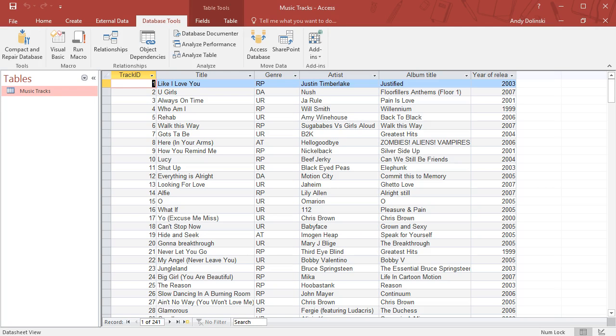Hello, in this video we're going to look at what a database is. We're going to keep it as short as possible. A database is essentially a place where you can store organized data.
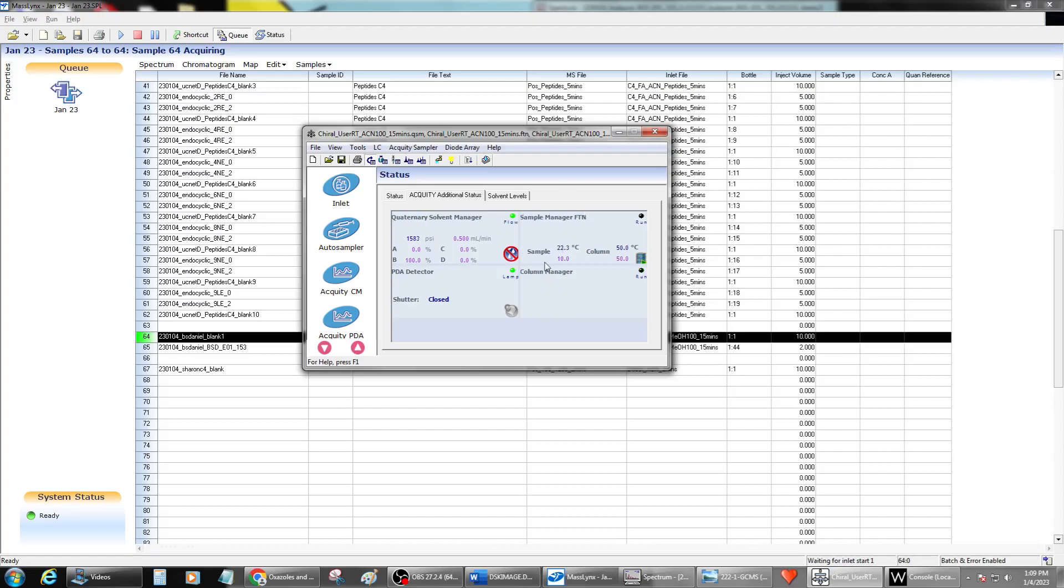But until I see that, I'm not 100% confident that it cleared the error. So if it didn't clear the error, the best thing to do is to pause the run. Here you go. You can see that it's washing the needle. So we're pretty much all good. So we don't have to worry about it anymore.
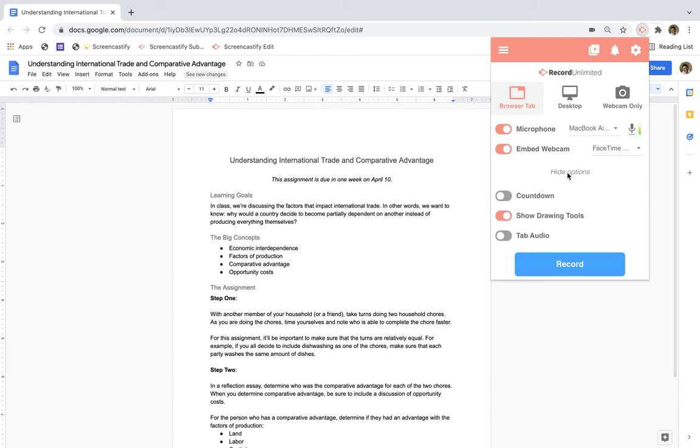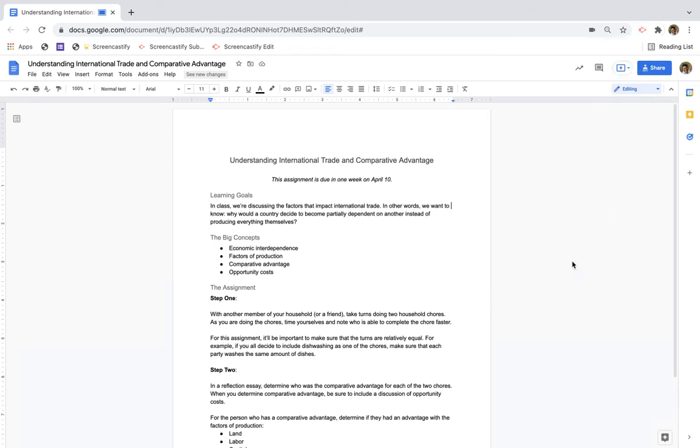Under show more options, you may want to enable your drawing tools so that you can annotate over the screen to show students the most important parts of the assignment. Once you're ready to go, you can press record.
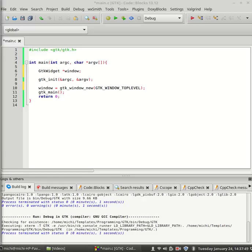g_signal_connect requires four arguments. The first one is our pointer. The second one is the detailed signal. The third one is a function. In our case GTK main quit. And the last argument will be null because we don't need it. I will explain to you later why.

Exercise brief
Write the material out again word for word and omit any images.

Answer section
Hello, in this video we're going to look at what a database is. We're going to keep it as short as possible. A database is essentially a place where you can store organized data.
But until I see that, I'm not 100% confident that it cleared the error. So if it didn't clear the error, the best thing to do is to pause the run. Here you go. You can see that it's washing the needle. So we're pretty much all good. So we don't have to worry about it anymore.
Under show more options, you may want to enable your drawing tools so that you can annotate over the screen to show students the most important parts of the assignment. Once you're ready to go, you can press record.
g_signal_connect requires four arguments. The first one is our pointer. The second one is the detailed signal. The third one is a function. In our case GTK main quit. And the last argument will be null because we don't need it. I will explain to you later why.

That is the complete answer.